## Problem to solve
Across the whole listing, copy out every line that includes the string "welcome".

## Record extracts
################

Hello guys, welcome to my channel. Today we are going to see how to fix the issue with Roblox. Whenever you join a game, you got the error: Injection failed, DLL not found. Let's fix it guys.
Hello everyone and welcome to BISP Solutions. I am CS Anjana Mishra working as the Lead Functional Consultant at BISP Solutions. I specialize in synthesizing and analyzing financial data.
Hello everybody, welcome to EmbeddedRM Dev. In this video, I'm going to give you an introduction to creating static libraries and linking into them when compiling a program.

################

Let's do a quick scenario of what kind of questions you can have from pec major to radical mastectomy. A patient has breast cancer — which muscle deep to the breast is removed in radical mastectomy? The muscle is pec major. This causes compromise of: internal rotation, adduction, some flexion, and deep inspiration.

################

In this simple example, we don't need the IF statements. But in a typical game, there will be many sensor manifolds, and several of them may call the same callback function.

################

## Written solution
Hello guys, welcome to my channel. Today we are going to see how to fix the issue with Roblox. Whenever you join a game, you got the error: Injection failed, DLL not found. Let's fix it guys.
Hello everyone and welcome to BISP Solutions. I am CS Anjana Mishra working as the Lead Functional Consultant at BISP Solutions. I specialize in synthesizing and analyzing financial data.
Hello everybody, welcome to EmbeddedRM Dev. In this video, I'm going to give you an introduction to creating static libraries and linking into them when compiling a program.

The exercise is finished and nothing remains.